The exodus can be disruptive to workers and a nuisance to local economic development efforts. But it need not be cause for undue consternation, argues economist and author Richard Florida, a professor of public policy at George Mason University.
He says the changes are simply a reflection of metropolitan Washington's place in a sprawling business corridor, stretching from Richmond to Boston and anchored in New York. The same forces that have erased companies from The Post 200 help the area attract new ones to take their place.
Think of the region as "the sunbelt of the greater New York megalopolis," Florida said.
A steady stream of talented people regularly migrate to the area because of its opportunities -- and favorable climate relative to the rest of the northeast -- and continually reinvigorate the corridor's "southern suburbs," Florida said.

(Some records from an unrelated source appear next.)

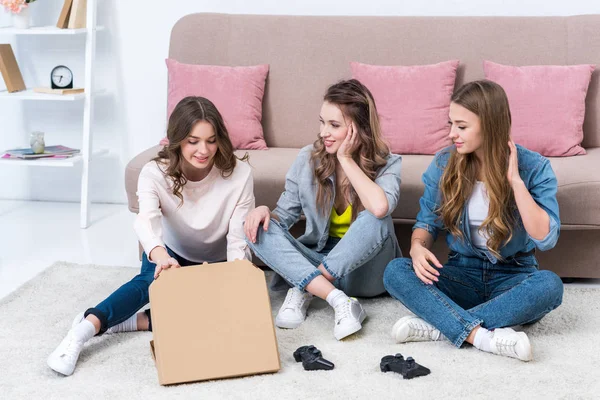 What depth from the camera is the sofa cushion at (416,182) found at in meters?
2.58

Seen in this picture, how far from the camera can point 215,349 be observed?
2016 mm

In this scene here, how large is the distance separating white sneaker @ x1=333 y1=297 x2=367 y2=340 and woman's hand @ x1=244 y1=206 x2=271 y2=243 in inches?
12.8

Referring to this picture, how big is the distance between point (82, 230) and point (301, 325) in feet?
5.08

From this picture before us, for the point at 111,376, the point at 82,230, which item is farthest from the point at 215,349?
the point at 82,230

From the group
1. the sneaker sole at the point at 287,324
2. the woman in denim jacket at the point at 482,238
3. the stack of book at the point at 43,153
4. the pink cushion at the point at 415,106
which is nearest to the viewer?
the woman in denim jacket at the point at 482,238

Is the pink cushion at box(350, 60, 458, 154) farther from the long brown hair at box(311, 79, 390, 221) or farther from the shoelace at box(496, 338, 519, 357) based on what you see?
the shoelace at box(496, 338, 519, 357)

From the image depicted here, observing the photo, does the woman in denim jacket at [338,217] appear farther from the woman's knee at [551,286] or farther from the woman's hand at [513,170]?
the woman's knee at [551,286]

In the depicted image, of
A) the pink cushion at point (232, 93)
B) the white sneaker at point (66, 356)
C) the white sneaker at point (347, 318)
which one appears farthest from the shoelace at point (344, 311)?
the pink cushion at point (232, 93)

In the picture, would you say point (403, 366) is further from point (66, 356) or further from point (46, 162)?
point (46, 162)

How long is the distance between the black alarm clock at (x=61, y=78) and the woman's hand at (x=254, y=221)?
66.0 inches

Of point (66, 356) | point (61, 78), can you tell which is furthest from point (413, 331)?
point (61, 78)

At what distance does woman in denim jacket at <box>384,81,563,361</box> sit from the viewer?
218cm

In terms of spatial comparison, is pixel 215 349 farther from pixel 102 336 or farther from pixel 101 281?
pixel 101 281

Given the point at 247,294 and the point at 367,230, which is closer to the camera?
the point at 247,294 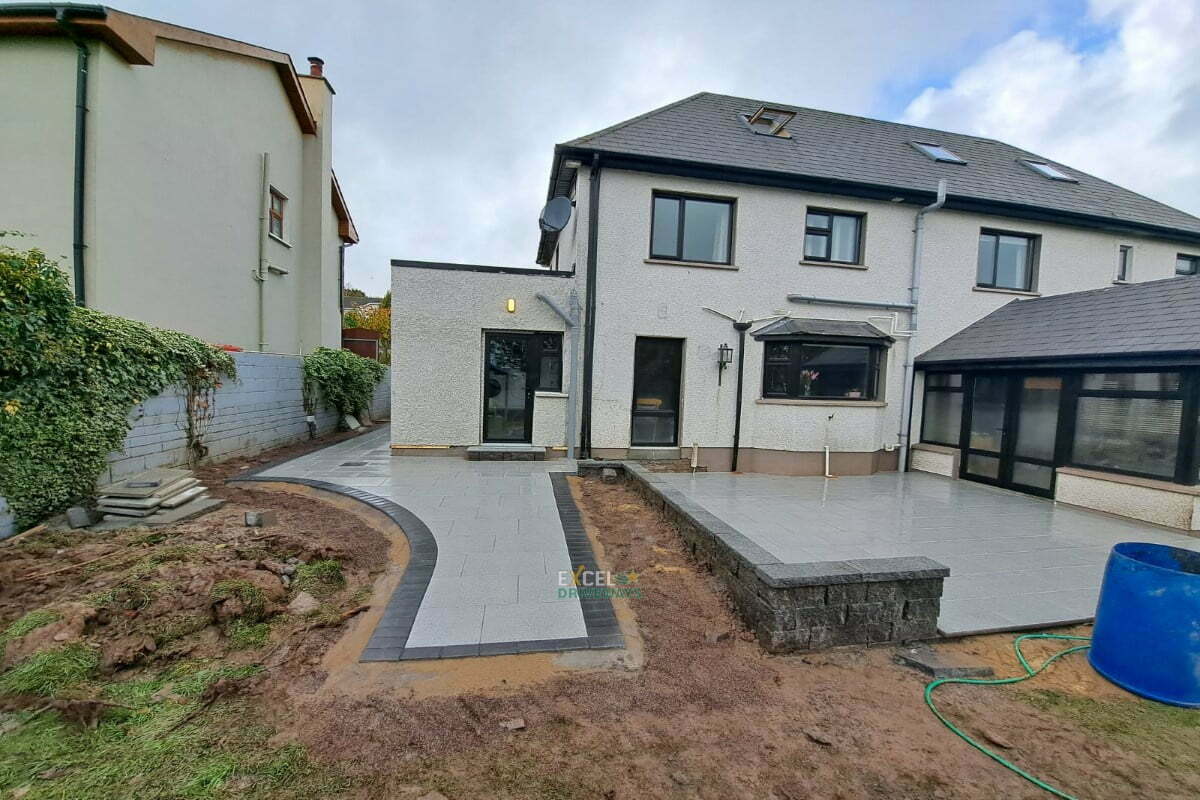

What problems persist are mostly self-inflicted, such as the rise of traffic congestion, he said.
Accounting troubles, too, have sidetracked some of the most prominent corporations in the region over the past year. Mortgage finance giants Fannie Mae and Freddie Mac, which have long been working to untangle their books, were joined in the past year by Sunrise Senior Living, Radio One, AES and a host of others in reporting errors. Many blame, or credit, the tough accounting standards established by the Sarbanes-Oxley law on corporate governance.
Corporate takeovers and operational problems can leave workers leery about their prospects for spending a career at any one company. Often, particularly in sales involving private-equity firms, the new owners immediately begin looking to cut "redundant" costs, a euphemism for jobs.
The survivors are those who hone their skills and keep watch for new opportunities.